RE: An unofficial Debian Installer for Pinebook Pro - Jeremiah Cornelius - 01-29-2020

(01-29-2020, 04:51 PM)xmixahlx Wrote: you can edit the installer for almost any debian channel. I did this to install unstable directly. from memory...

search for bullseye in the installer debootstrap and change the release.

change the repos in /etc/apt/sources.list

Thanks! I got the bullsye/buster change in the install-debian script. But? I'd missed the sources.list!

Here we go again!
https://imgur.com/a/sDuEGAJ


RE: An unofficial Debian Installer for Pinebook Pro - Der Geist der Maschine - 01-29-2020

(01-29-2020, 04:16 PM)Jeremiah Cornelius Wrote:
(01-29-2020, 12:40 PM)Der Geist der Maschine Wrote: Debian 10 + Manjaro Kernel

My experience from running Debian 10 for a few days:

< SNIP >

I've seen folks building mesa-git on Bullseye. In theory, it should be also possible on Debian 10. Last week, I tried building mesa-git but it had dependencies on wayland and so I stopped. Also, you don't have the convenience of apt-get automagically applying the latest bug and security fixes.

Debian 10 is good enough for me. You mileage may vary. Its biggest selling point is it simply works.
After futzing these few days on Bullseye, I'm just about ready to join you on Buster.
What changes did you make to @danielt installer to pull a Buster debbootstrap, or what arguments did you supply?

These were my changes on top of Daniel's debbootstrap http://students.engr.scu.edu/~sschaeck/scratch/buster.patch

Note, I also made the boot more verbose. You may not need all my changes. It is very important that you don't blindly replace bullseye with buster in etc/apt/sources.list. Use my sources.list from the patch.

I used the standard commandline arguments. Nothing special.

Please report back if you should find issues with Debian 10.


RE: An unofficial Debian Installer for Pinebook Pro - Jeremiah Cornelius - 01-29-2020

(01-29-2020, 04:59 PM)Der Geist der Maschine Wrote: These were my changes on top of Daniel's debbootstrap http://students.engr.scu.edu/~sschaeck/scratch/buster.patch

Note, I also made the boot more verbose. You may not need all my changes. It is very important that you don't blindly replace bullseye with buster in etc/apt/sources.list. Use my sources.list from the patch.

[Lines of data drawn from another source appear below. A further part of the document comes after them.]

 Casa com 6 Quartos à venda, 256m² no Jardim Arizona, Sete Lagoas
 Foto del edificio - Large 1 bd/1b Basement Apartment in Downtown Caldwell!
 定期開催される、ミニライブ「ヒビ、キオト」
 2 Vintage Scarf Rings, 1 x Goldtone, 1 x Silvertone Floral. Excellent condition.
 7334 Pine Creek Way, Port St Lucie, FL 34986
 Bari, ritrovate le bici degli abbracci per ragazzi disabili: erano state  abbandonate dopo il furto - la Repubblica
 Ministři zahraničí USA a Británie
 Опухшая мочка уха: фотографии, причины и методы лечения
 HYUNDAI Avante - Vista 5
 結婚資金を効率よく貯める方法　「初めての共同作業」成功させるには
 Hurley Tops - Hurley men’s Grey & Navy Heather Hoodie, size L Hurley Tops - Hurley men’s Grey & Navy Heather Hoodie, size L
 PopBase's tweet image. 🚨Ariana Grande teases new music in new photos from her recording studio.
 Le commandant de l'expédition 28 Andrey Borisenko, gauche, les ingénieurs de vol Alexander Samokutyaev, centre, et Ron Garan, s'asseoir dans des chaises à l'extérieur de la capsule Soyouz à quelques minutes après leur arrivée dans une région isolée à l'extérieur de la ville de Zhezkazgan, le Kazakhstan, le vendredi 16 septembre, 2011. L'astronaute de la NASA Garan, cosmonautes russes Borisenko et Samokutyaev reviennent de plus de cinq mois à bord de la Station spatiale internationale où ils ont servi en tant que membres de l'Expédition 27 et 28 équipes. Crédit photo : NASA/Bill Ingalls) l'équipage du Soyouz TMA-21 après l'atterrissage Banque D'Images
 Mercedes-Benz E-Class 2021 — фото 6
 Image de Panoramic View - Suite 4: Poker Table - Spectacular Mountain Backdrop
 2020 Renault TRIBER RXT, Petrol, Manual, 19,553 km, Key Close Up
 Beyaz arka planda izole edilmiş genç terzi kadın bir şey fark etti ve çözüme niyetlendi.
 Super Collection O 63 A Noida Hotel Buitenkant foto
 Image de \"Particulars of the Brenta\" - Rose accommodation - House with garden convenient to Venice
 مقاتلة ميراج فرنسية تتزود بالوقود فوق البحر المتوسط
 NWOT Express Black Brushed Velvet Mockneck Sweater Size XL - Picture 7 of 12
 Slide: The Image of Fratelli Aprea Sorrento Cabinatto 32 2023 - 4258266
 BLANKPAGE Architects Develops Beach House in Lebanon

I used the standard commandline arguments. Nothing special.

Please report back if you should find issues with Debian 10.

Perfect. And yes, I'm ready to share!
How are you applying the patch? I see it's not just for the install-debian script. I'll try patch -p0 < buster.patch on a copy of the git branch and see what goes...

Hey. That worked!


RE: An unofficial Debian Installer for Pinebook Pro - xmixahlx - 01-29-2020

...very important for what reason?


RE: An unofficial Debian Installer for Pinebook Pro - Der Geist der Maschine - 01-29-2020

(01-29-2020, 07:13 PM)xmixahlx Wrote: ...very important for what reason?

When replacing bullseye with buster, not all entries in source.list are valid, anymore

The details escape me, but when the installer was processing source.list it just ended. No error message. As I have never run the installer before, I thought the installation was complete, but it was not.

The take-away, you need a complete and correct source.list file.





By the way, the only problem on Debian 10 is mplayer messing up the mouse pointer. My work-around is this alias

Code:
alias mplayer='(sleep 2; xsetroot -cursor_name left_ptr) & /usr/bin/mplayer'

xsetroot regenerates the mouse pointer (after 2 seconds).



I don't think it should matter as Debian 10 is pretty mature, but my desktop environment is Mate and things simply work.